Plusieurs poursuites judiciaires ont été initiées à l'encontre des géants de l'intelligence artificielle (IA) générative d'image, notamment pour violation du copyright (l'équivalent du droit d'auteur américain). Ces poursuites ont refroidi nombre de gros clients potentiels et pour apaiser leurs doutes, Adobe et Shutterstock ont récemment fait les gros titres avec l'annonce de protection juridiques pour leurs clients. L'objectif de ces protections juridiques est de couvrir les frais de justice en cas de litige pour violation des droits de propriété intellectuelle d'un tiers dans le cadre de l'utilisation de l'IA générative d'image d'Adobe Firely et de Shutterstock.
Nous proposons ici une première analyse des protections juridiques proposées par Adobe et Shutterstock afin d'aider les utilisateurs à mieux comprendre leurs implications.
L'entreprise qui communique sur l'entraînement de son IA grâce à des contenus sous licence ou libres de droits mise sur un examen a priori des images générées. Plus de détails sont à venir, pour l'instant la FAQ publiée par Adobe [1] précise que cette protection juridique ne bénéficiera qu'aux entreprises et qu'elle sera proposée sous la forme d'un service payant. Les conditions et exclusions applicables à cette garantie n'ont pas encore été dévoilées. Mais pour avoir une idée des clauses d'exclusion de responsabilité qui pourraient figurer dans la protection juridique d'Adobe, nous pouvons noter l'intervention remarquée du VP d'Adobe devant le Sénat américain le 12 juillet dernier, sollicitant une nouvelle loi fédérale qui pénaliserait les utilisateurs qui se servent d'une IA générative dans le but spécifique d'imiter le style d'un artiste. L'adoption d'une telle loi aurait pour effet de faire peser la responsabilité d'une violation des droits d'un tiers sur l'utilisateur de l'IA plutôt que sur l'entreprise qui met à disposition le service d'IA générative... Affaire à suivre.
C'est un examen a posteriori qui est proposé pour les images générées par l'IA de Shutterstock. Cette IA générative a été développée en partenariat avec OpenAI, société avec laquelle Shutterstock a récemment renouvelé sa coopération pour six années supplémentaires (l'IA de DALL-E continuera donc de s'entraîner sur la banque d'images de Shutterstock). Les utilisateurs de Shutterstock pourront solliciter un examen (effectué par un humain) de leur contenu afin de vérifier qu'il ne porte pas atteinte aux droits d'un tiers. Attention cependant, la protection juridique ne sera accordée que sur validation de cet examen. La pratique nous dira avec quel niveau de sévérité les images seront jugées éligibles ou non à cette protection juridique, puisqu'ici, le risque majeur serait une évaluation frileuse de la part de Shutterstock et donc une efficacité limitée de sa protection juridique.

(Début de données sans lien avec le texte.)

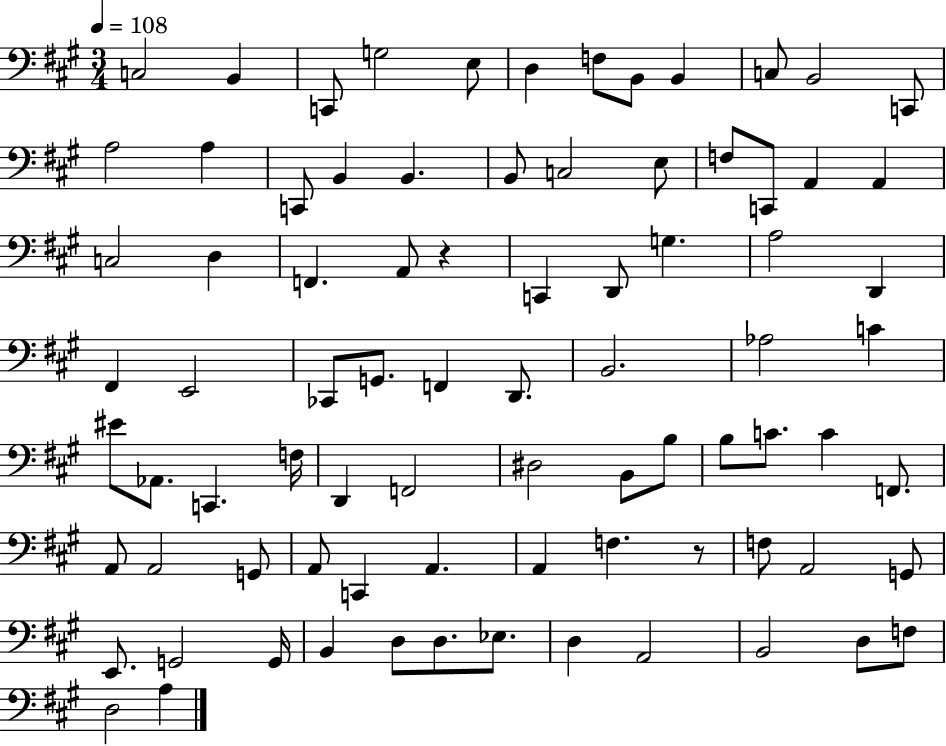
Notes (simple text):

C3/h B2/q C2/e G3/h E3/e D3/q F3/e B2/e B2/q C3/e B2/h C2/e A3/h A3/q C2/e B2/q B2/q. B2/e C3/h E3/e F3/e C2/e A2/q A2/q C3/h D3/q F2/q. A2/e R/q C2/q D2/e G3/q. A3/h D2/q F#2/q E2/h CES2/e G2/e. F2/q D2/e. B2/h. Ab3/h C4/q EIS4/e Ab2/e. C2/q. F3/s D2/q F2/h D#3/h B2/e B3/e B3/e C4/e. C4/q F2/e. A2/e A2/h G2/e A2/e C2/q A2/q. A2/q F3/q. R/e F3/e A2/h G2/e E2/e. G2/h G2/s B2/q D3/e D3/e. Eb3/e. D3/q A2/h B2/h D3/e F3/e D3/h A3/q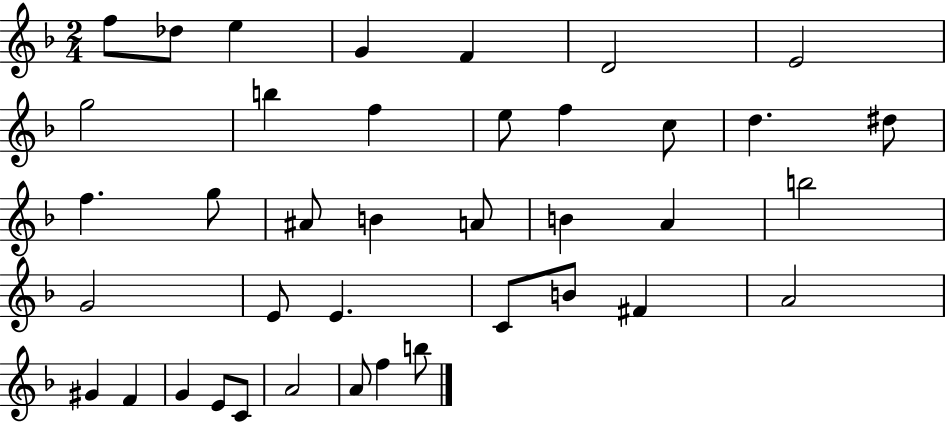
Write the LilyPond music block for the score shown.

{
  \clef treble
  \numericTimeSignature
  \time 2/4
  \key f \major
  f''8 des''8 e''4 | g'4 f'4 | d'2 | e'2 | \break g''2 | b''4 f''4 | e''8 f''4 c''8 | d''4. dis''8 | \break f''4. g''8 | ais'8 b'4 a'8 | b'4 a'4 | b''2 | \break g'2 | e'8 e'4. | c'8 b'8 fis'4 | a'2 | \break gis'4 f'4 | g'4 e'8 c'8 | a'2 | a'8 f''4 b''8 | \break \bar "|."
}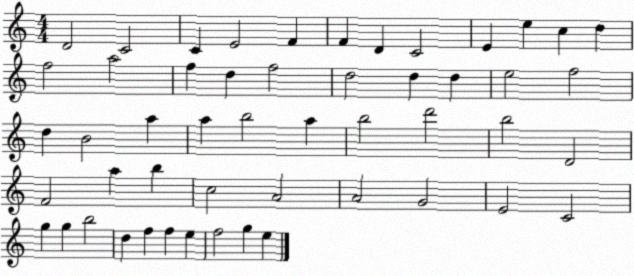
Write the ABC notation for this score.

X:1
T:Untitled
M:4/4
L:1/4
K:C
D2 C2 C E2 F F D C2 E e c d f2 a2 f d f2 d2 d d e2 f2 d B2 a a b2 a b2 d'2 b2 D2 F2 a b c2 A2 A2 G2 E2 C2 g g b2 d f f e f2 g e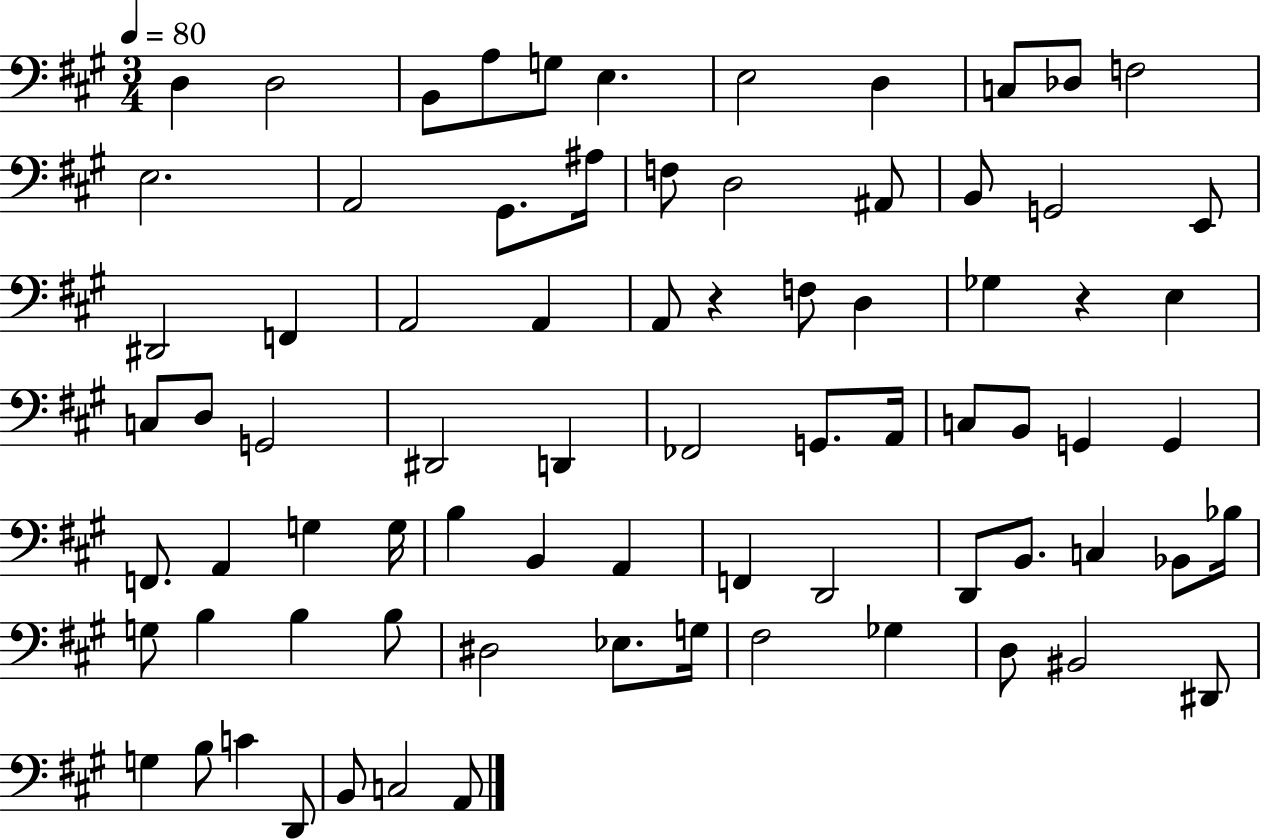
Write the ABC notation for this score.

X:1
T:Untitled
M:3/4
L:1/4
K:A
D, D,2 B,,/2 A,/2 G,/2 E, E,2 D, C,/2 _D,/2 F,2 E,2 A,,2 ^G,,/2 ^A,/4 F,/2 D,2 ^A,,/2 B,,/2 G,,2 E,,/2 ^D,,2 F,, A,,2 A,, A,,/2 z F,/2 D, _G, z E, C,/2 D,/2 G,,2 ^D,,2 D,, _F,,2 G,,/2 A,,/4 C,/2 B,,/2 G,, G,, F,,/2 A,, G, G,/4 B, B,, A,, F,, D,,2 D,,/2 B,,/2 C, _B,,/2 _B,/4 G,/2 B, B, B,/2 ^D,2 _E,/2 G,/4 ^F,2 _G, D,/2 ^B,,2 ^D,,/2 G, B,/2 C D,,/2 B,,/2 C,2 A,,/2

Si les actions en contrefaçon peuvent s'exercer sur le terrain civil, il existe également un volet pénal du délit de contrefaçon détaillé aux articles L335-1 à L335-9 du Code de la propriété intellectuelle. Les amendes sanctionnant le délit de contrefaçon peuvent atteindre 750 000€ et peuvent être assorties d'une peine de prison pouvant aller jusqu'à sept ans. Or, le principe de la personnalité des peines en droit pénal s'oppose à ce qu'une personne soit indemnisée des conséquences de sa propre responsabilité pénale.
En d'autres termes : nul n'est responsable pénalement que de son propre fait, or la contrefaçon est un délit.
Ce principe empêchera donc la prise en charge des frais liés à la responsabilité pénale de l'auteur d'une contrefaçon et sera de nature à limiter drastiquement l'effet de la garantie commerciale proposée notamment par Adobe et Shutterstock.
Au-delà des protections juridiques offertes par Adobe et Shutterstock, il est important de noter l'importance d'un accompagnement juridique spécialisé. Les nuances du droit de la propriété intellectuelle, combinées à la complexité de la technologie de l'IA générative, peuvent rendre l'évaluation des risques inhérents à l'utilisation commerciale des créations générées par l'IA plus technique qu'il n'y paraît.
Pour ne prendre aucun risque, veillez à solliciter les conseils d'un spécialiste de la propriété intellectuelle formé aux enjeux de l'IA générative. Il pourra vous aider à comprendre les limites des protections juridiques offertes par les entreprises qui mettent à disposition un service d'IA générative telles qu'Adobe et Shutterstock, et identifier d'autres mesures pour éviter tout risque de poursuites judiciaires à votre encontre.